**Exercise objective**
An exact repetition of the data is required; no picture should appear in it.

BEGIN Data for this task

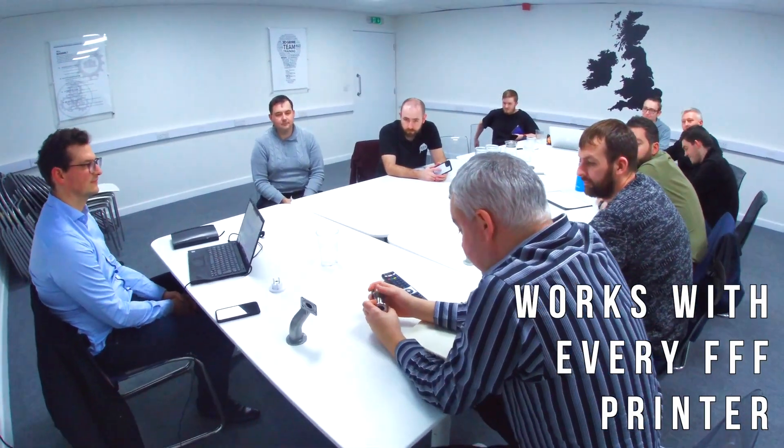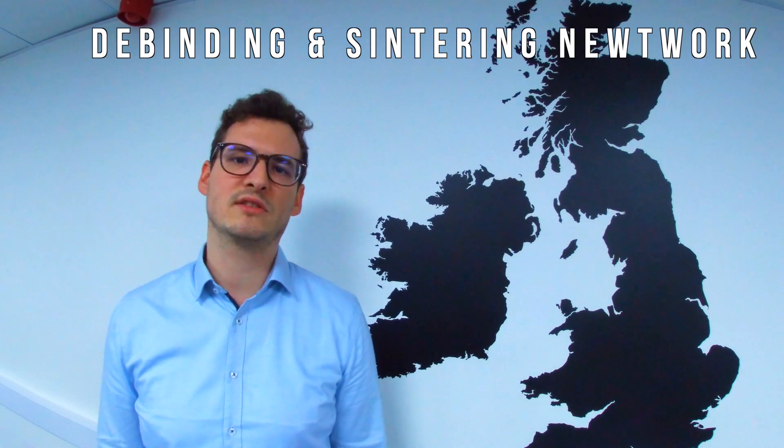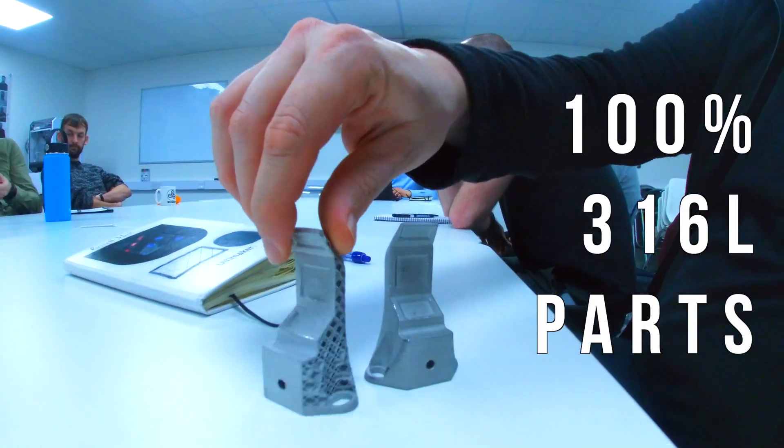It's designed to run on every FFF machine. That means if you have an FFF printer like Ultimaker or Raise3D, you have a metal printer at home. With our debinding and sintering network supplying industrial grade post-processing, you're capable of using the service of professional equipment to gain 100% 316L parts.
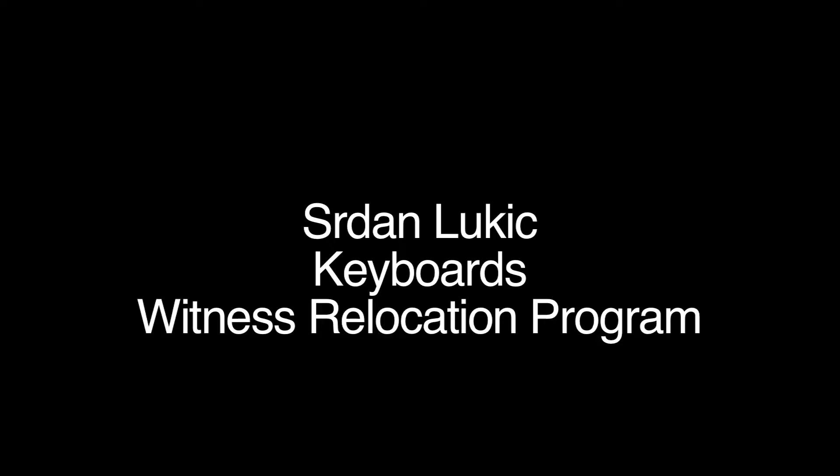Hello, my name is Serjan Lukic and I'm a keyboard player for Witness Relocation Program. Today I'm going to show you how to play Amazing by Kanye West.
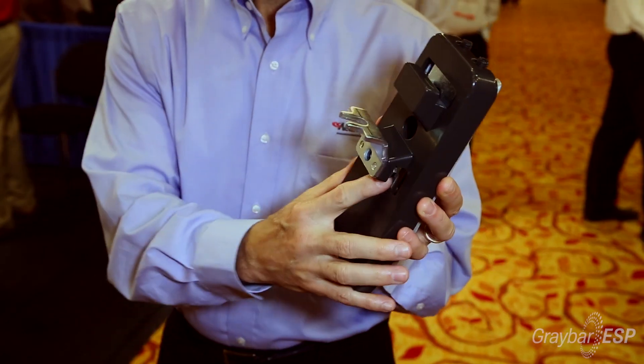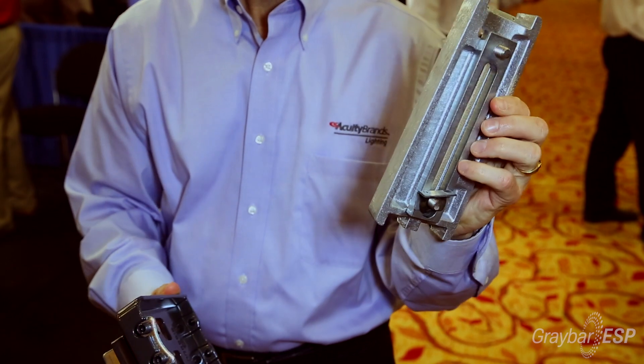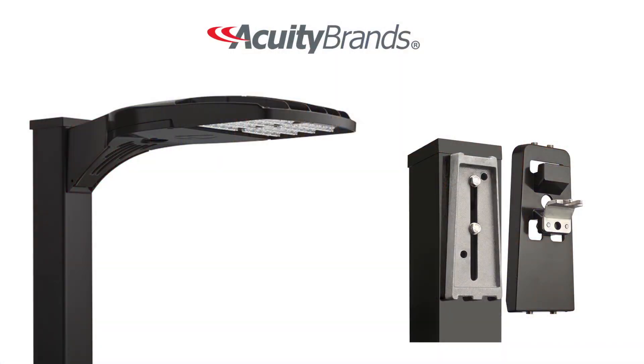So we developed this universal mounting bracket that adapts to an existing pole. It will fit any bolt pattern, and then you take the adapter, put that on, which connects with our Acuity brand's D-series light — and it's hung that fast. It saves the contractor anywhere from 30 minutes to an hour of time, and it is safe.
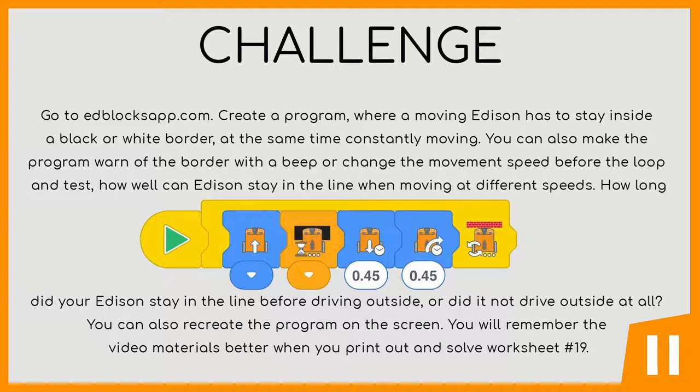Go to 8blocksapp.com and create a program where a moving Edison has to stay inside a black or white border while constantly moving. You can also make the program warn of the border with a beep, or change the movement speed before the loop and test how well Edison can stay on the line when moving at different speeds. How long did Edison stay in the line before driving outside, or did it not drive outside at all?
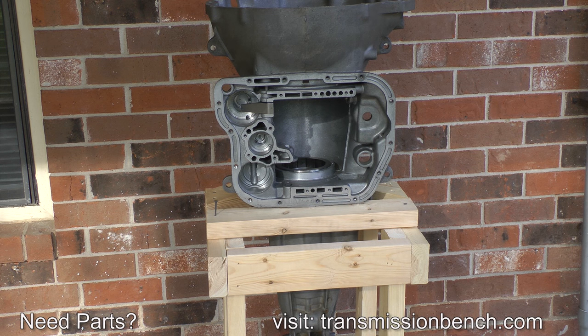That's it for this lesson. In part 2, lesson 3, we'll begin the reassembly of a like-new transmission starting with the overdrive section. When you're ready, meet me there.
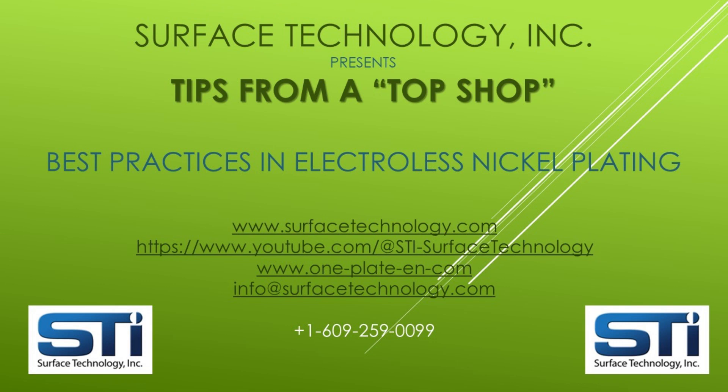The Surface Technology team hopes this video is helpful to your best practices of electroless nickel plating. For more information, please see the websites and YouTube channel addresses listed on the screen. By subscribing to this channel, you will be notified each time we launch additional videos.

END Data for this task

**Solution for this problem**
It's designed to run on every FFF machine. That means if you have an FFF printer like Ultimaker or Raise3D, you have a metal printer at home. With our debinding and sintering network supplying industrial grade post-processing, you're capable of using the service of professional equipment to gain 100% 316L parts.
Hello, my name is Serjan Lukic and I'm a keyboard player for Witness Relocation Program. Today I'm going to show you how to play Amazing by Kanye West.
So we developed this universal mounting bracket that adapts to an existing pole. It will fit any bolt pattern, and then you take the adapter, put that on, which connects with our Acuity brand's D-series light — and it's hung that fast. It saves the contractor anywhere from 30 minutes to an hour of time, and it is safe.
Go to 8blocksapp.com and create a program where a moving Edison has to stay inside a black or white border while constantly moving. You can also make the program warn of the border with a beep, or change the movement speed before the loop and test how well Edison can stay on the line when moving at different speeds. How long did Edison stay in the line before driving outside, or did it not drive outside at all?
That's it for this lesson. In part 2, lesson 3, we'll begin the reassembly of a like-new transmission starting with the overdrive section. When you're ready, meet me there.
The Surface Technology team hopes this video is helpful to your best practices of electroless nickel plating. For more information, please see the websites and YouTube channel addresses listed on the screen. By subscribing to this channel, you will be notified each time we launch additional videos.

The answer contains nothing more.